16. August 1988 Gladbecker Geiseldrama jährt sich zum 30. Mal

Gladbeck · Das Geiseldrama von Gladbeck jährt sich zum 30. Mal. GA-Fotograf Holger Arndt war dabei und erinnert sich an seinen Einsatz. Ein Blick auf die Hintergründe zu dem spektakulären Kriminalfall.

Zum 30. Mal jährt sich das Geiseldrama von Gladbeck am 16. August. Einer der spektakulärsten Kriminalfälle im Nachkriegsdeutschland, der die Bundesrepublik an drei Tagen in Atem hielt, der zwei Geiseln und einen Polizisten das Leben kostete, der als Versagen der Staatsmacht und als journalistischer Sündenfall in die Geschichte einging. Einer der beiden Täter, Dieter Degowski, ist in diesem Jahr aus der Haft entlassen worden. Der andere, Hans-Jürgen Rösner, sitzt weiter. Er war es auch, der "Gladbeck" juristisch verhindern wollte: jenen TV-Zweiteiler, den das Erste im März 2018 zeigte.

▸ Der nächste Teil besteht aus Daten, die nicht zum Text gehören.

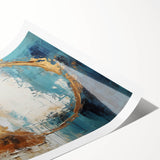 Abstract strokes wall art print featuring vibrant, multicolored designs on a textured canvas, ideal for modern decor; elegantly rolled for easy display.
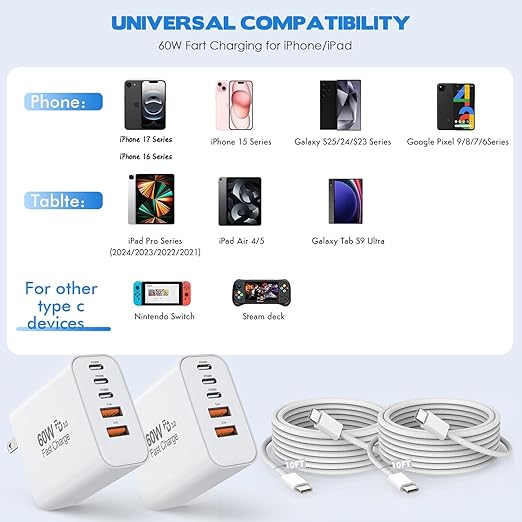 2 Pack 60W 5 Port USB C Fast Wall Charger with 10FT USB C Cable for iPhone 17 16 15 iPad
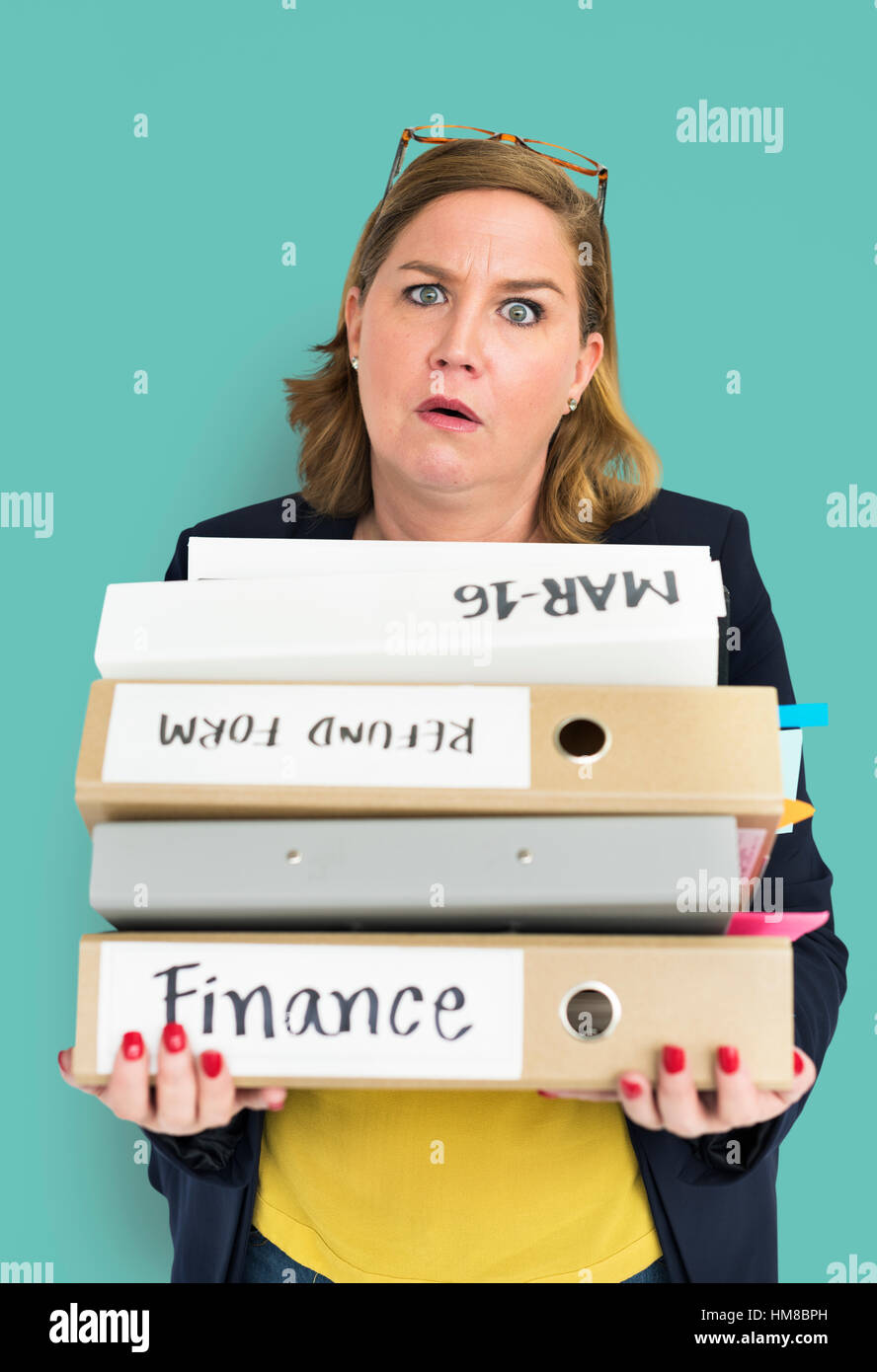 Woman Stress Overload Hard Working Concept Stock Photo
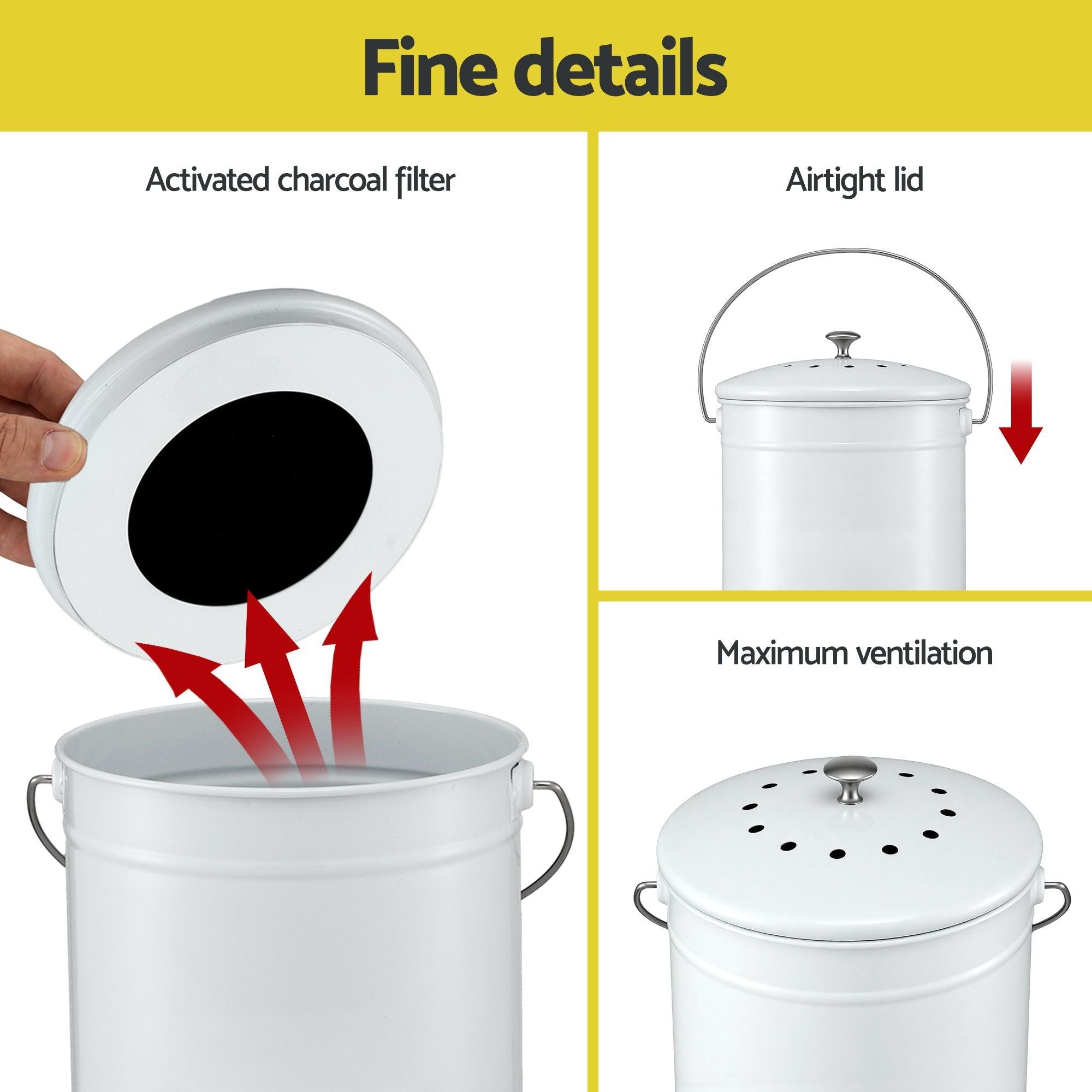 Compost Bin Kitchen Compost Caddy Food Waste Bin Bench White - Home & Garden > Garden Tools > Gardening Accessories - Rivercity House & Home Co. (ABN 18 642 972 209) - Affordable Modern Furniture Australia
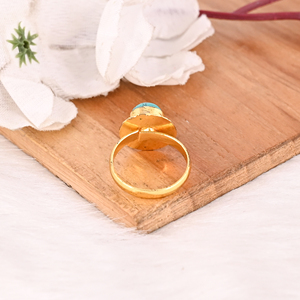 Natural Synthetic <b>Turquoise</b> Gemstone <b>Ring</b> Handmade Stylish Brass Jewelry for Women - Product Image 5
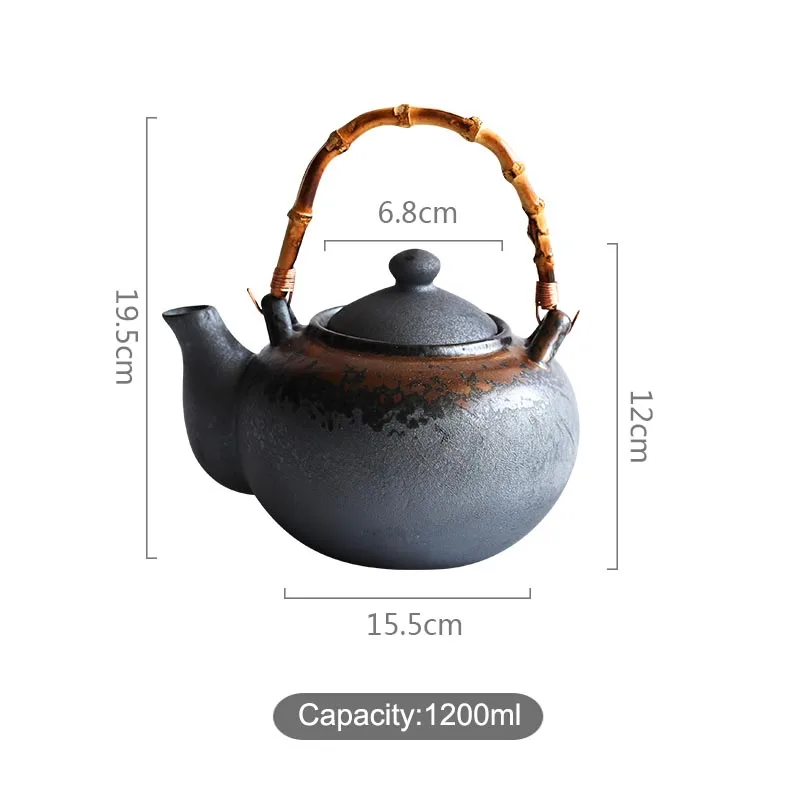 B(Teapot) 1000/1200 мл черного цвета из мультфильма «Холодное сердце» японский Стиль Чай горшки Чай чашки Винтаж Керамика чайник высокого Ёмкость Чай горшок для ресторана японской кухни посуда для напитков - Цвет: B(Teapot)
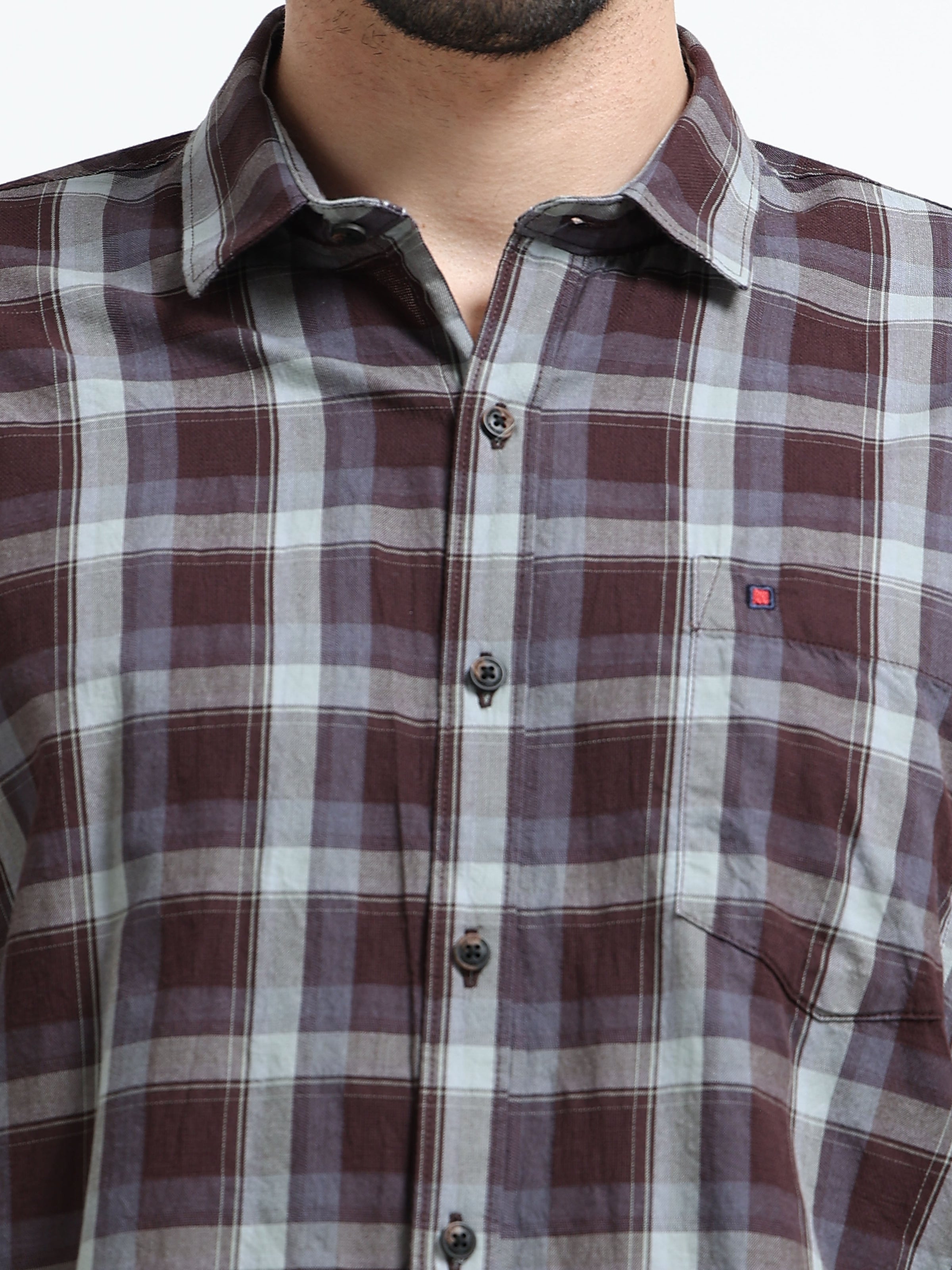 Brown Checks Slim Fit Cotton Casual Shirts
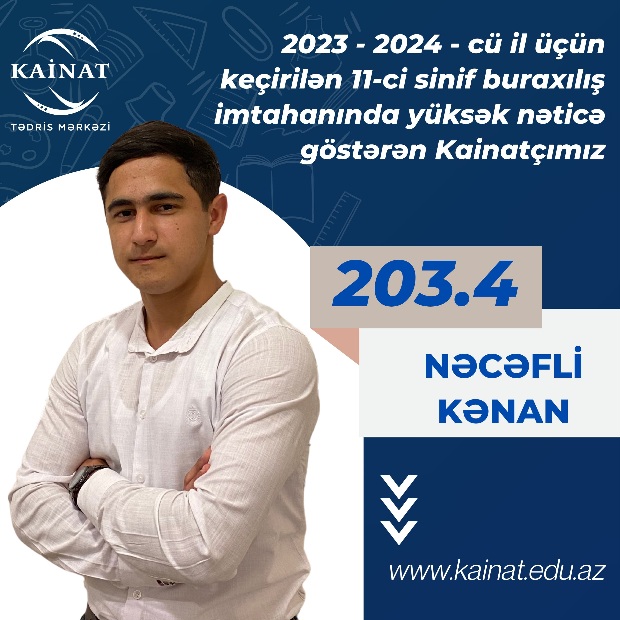 2023 - 2024 - cü il üçün keçirilən 11-ci sinif buraxılış imtahanı üzrə yüksək nəticə göstərən Kainatçılar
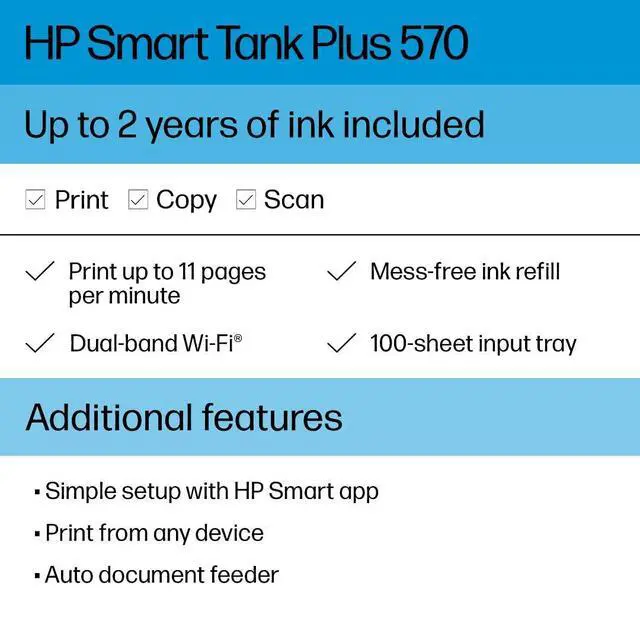 Alt view image 3 of 7 - Smart Tank Plus 570 Wireless All-in-One Ink Tank Printer with up to 2 Years of Ink Included (5HX14A)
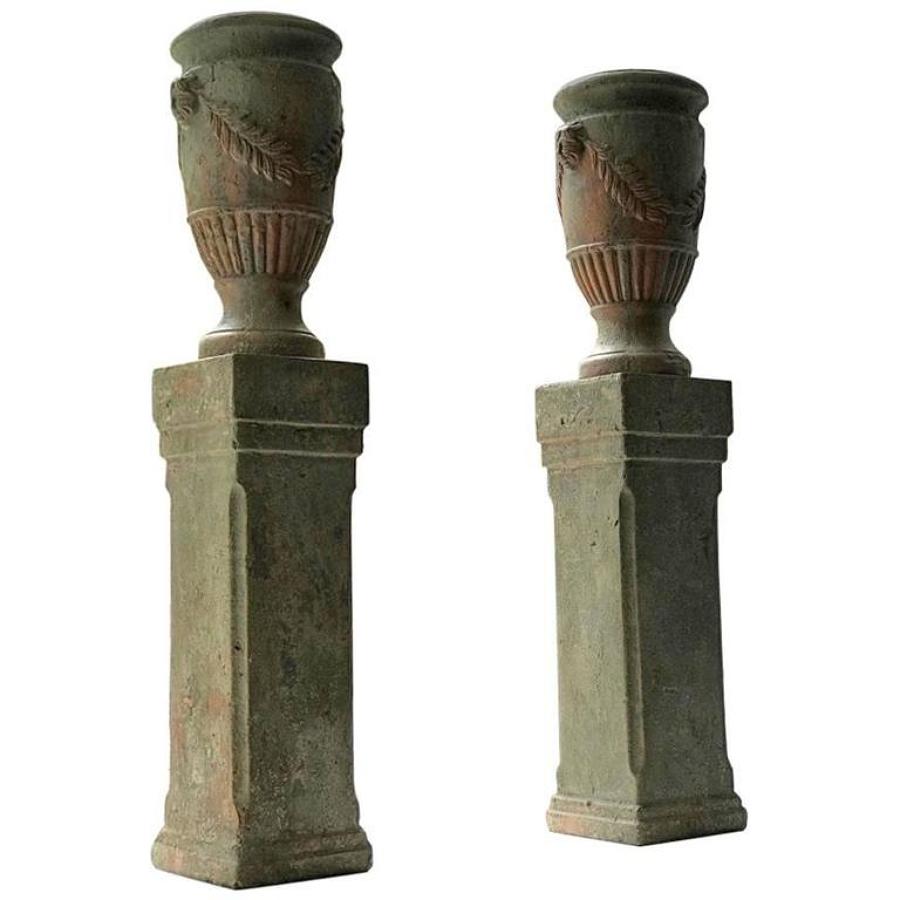 Pair of French Terracotta Urns on Plinths, 19th Century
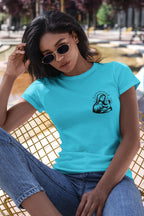 Women's Sky Blue Round Neck T-shirts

Live dabei sind damals Millionen TV-Zuschauer streckenweise, als die Täter nach dem missglückten Banküberfall in Gladbeck mit Geiseln durchs Land fliehen - verfolgt von einer hilflos wirkenden Polizei und einer Presseschar wie im Rausch. Vor laufenden Kameras geben die Verbrecher Interviews, während sie in Bremen Geiseln in einem Bus in ihrer Gewalt haben.

In Köln kommt es zur bizarren "Pressekonferenz" aus dem dicht umlagerten Fluchtwagen heraus - die 18-jährige Geisel Silke Bischoff muss Fragen beantworten, während Degowski ihr die Waffe an den Kopf hält. Medienvertreter geben den Tätern Hinweise auf verdeckte Ermittler. Die Polizei kann das von Reportern und Schaulustigen umringte Fahrzeug nicht stürmen. Ein Journalist steigt ein und lotst die Gangster aus der Stadt. Nach Gladbeck überarbeitete die Polizei grundlegend die Einsatztaktik, der Presserat legte fest, dass es Interviews mit Tätern während des Geschehens nicht geben darf.

Der Film „Gladbeck“ beleuchtet das Geschehen aus verschiedenen Blickwinkeln: aus der Sicht von Polizei, Journalisten und Geiseln. Letzteren vor allem wollten sie endlich mehr Raum geben, wie Regisseur Kilian Riedhof erklärt. Silke Bischoff zum Beispiel, die beim finalen Zugriff der Polizei durch einen Schuss aus Rösners Waffe ums Leben kam. Und dem 15-jährigen Emanuele De Giorgi, der von Degowski im gekaperten Bus erschossen wurde. Den Tätern aber habe er keine Nahaufnahme im klassischen Sinne schenken wollen, sagt Riedhof. „Wir erzählen nicht aus ihrer Sicht - sie sind für uns keine Identifikationsfiguren.“

Gladbecker Geiseldrama - was im August 1988 geschah

Drei Tage hielt das Gladbecker Geiseldrama Deutschland in Atem. GA-Chefreporter Wolfgang Kaes blickte im August 2013, also 25 Jahre nach den Vorfällen, zurück auf die drei Tage im August, beschreibt den Banküberfall, die anschließende Geiselnahme, die Fahrt nach Bremen und die Tour mit dem vollbesetzten Bus weiter durch Deutschland. Er blickt auf die dramatischen Minuten auf der Raststätte Grundbergsee und die "Pressekonferenz" in Köln zurück und beschreibt das Ende der Geiselnahme. Die Reportage "Drei Tage im August" gibt es hier.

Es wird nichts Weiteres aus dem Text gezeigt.